FORTRAN ?: Trying to bypass significant slowdown

blbelson · Nov 5, 2009

I have experienced a serious program execution slow down and traced its source to one calculation...pseudo code below:

do a=0, 360, 10
do b=0,85,5
do c=0,360,10
do d=0,85,5
bunch of calculations involving double precision real variables (stored in variable ele)
tot=tot + ele
end do
end do
end do
end do

tot and ele are both double precision real variables. If I comment out "tot=tot+ele", the program takes 2m 04s to run, otherwise it takes 5m 55s to run.

I am using the ifort compiler with "-ipo -O3 -static -xP -no-prec-div -inline" flags set. Does anyone have an explanation as to why this occurs (compiler optimization issue for example) and if there is a way to prevent it?

Mark44 · Nov 5, 2009

Each statement in your innermost loop is running 17*36*17*36 times, or 374,544 times. If you can eliminate one or more of your loops, that might speed things up. For example, you can "unroll" the innermost loop by having a separate statement or block of statements for each of the values of your loop counter variable, d. The first one would be with d = 0, the second one with d = 5, and so on, up to 85.

blbelson · Nov 5, 2009

Thanks Mark 44, I believe the compiler simply skipped the loop when I commented out the line since the loop served no purpose in that instance. I was afraid I'd have to tackle the problem in the way you suggested above but I took a hybrid approach and wrote a subroutine since there are quite a few calculations in that block (realizing the performance boost may be less than writing each line of code in the main body). Doing so reduced program execution time to 4m 22s.

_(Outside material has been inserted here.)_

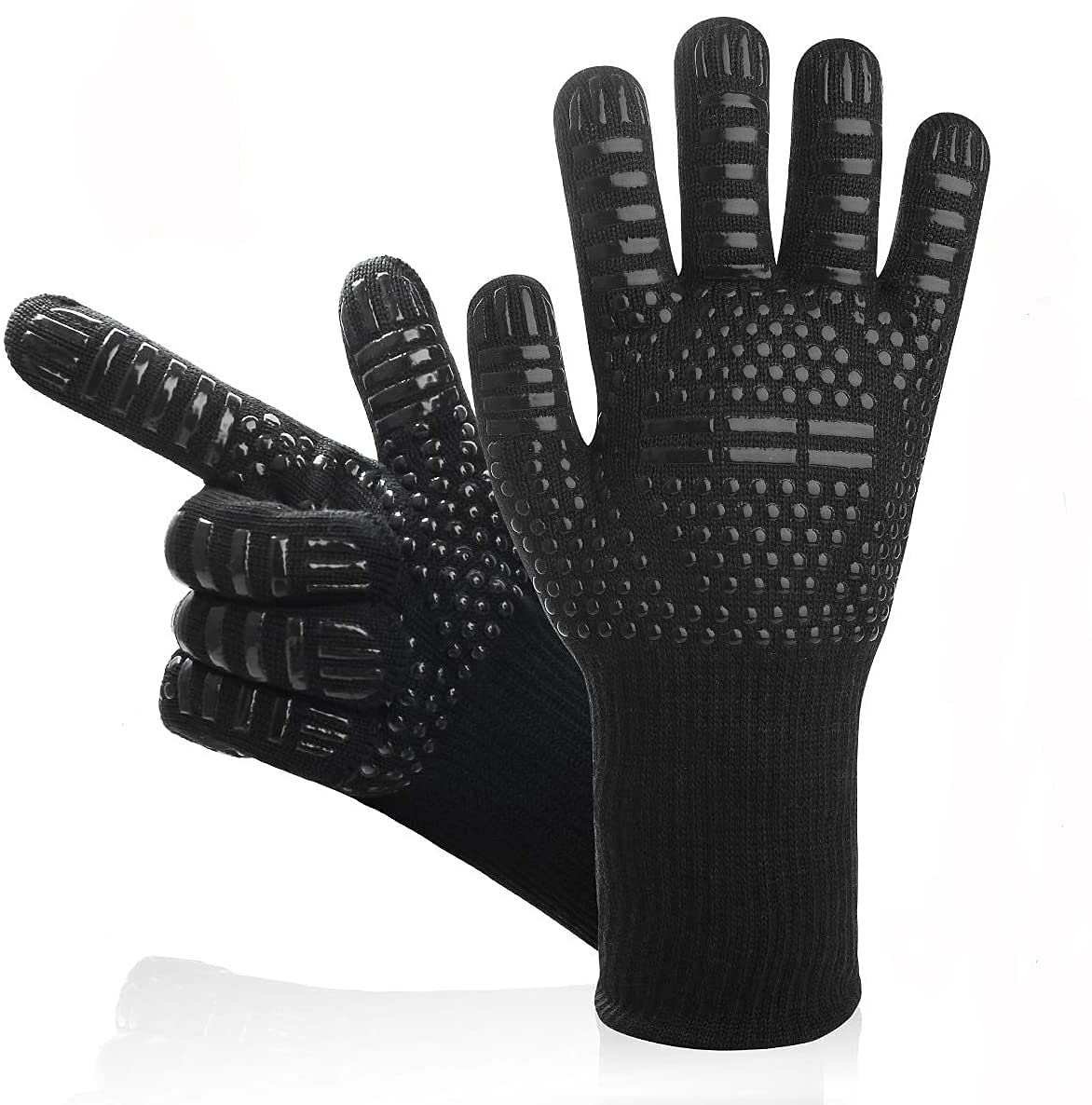 Lichi 2 Pcs BBQ Mitts, Heat Resistant High Temperature 800℃/1472℉ Flame Retardant Fireproof Barbecue Heat Insulation Silicone Microwave Oven Gloves - Black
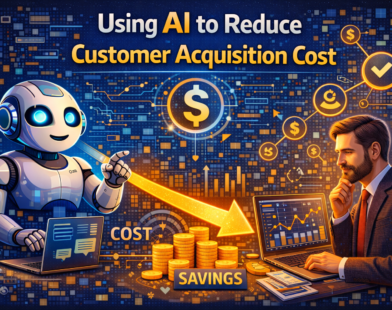 startups using artificial intelligence to reduce customer acquisition cost, with AI analysing marketing spend, lead quality, conversion funnels, and customer behaviour to optimise costs and improve efficiency.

Thanks for the kickstart...

Mark44 · Nov 5, 2009

Calling a subroutine 374,544 times might be slower than having the calculations inline in the innermost loop. There is some overhead associated with a subroutine call and return. You might compare the execution times with a subroutine call vs. having the code inline in the inner loop.

Borek · Nov 6, 2009

Perhaps you can move some of the calculations from the inner loop to the outward ones, and save intermediate results in temp variables? Although it is most likely already done by the compiler.

hamster143 · Nov 6, 2009

This looks like integration over two spheres. Can you reformulate the problem to eliminate some integrations? For example, if relevant degrees of freedom only depend on the angle between two vectors, you can get away with only one loop instead of 4.

And you shouldn't integrate to 360, you should integrate to 360-step.

Also consider doing this in C.

rcgldr · Nov 6, 2009

blbelson said:

If I comment out "tot=tot+ele", the program takes 2m 04s to run, otherwise it takes 5m 55s to run.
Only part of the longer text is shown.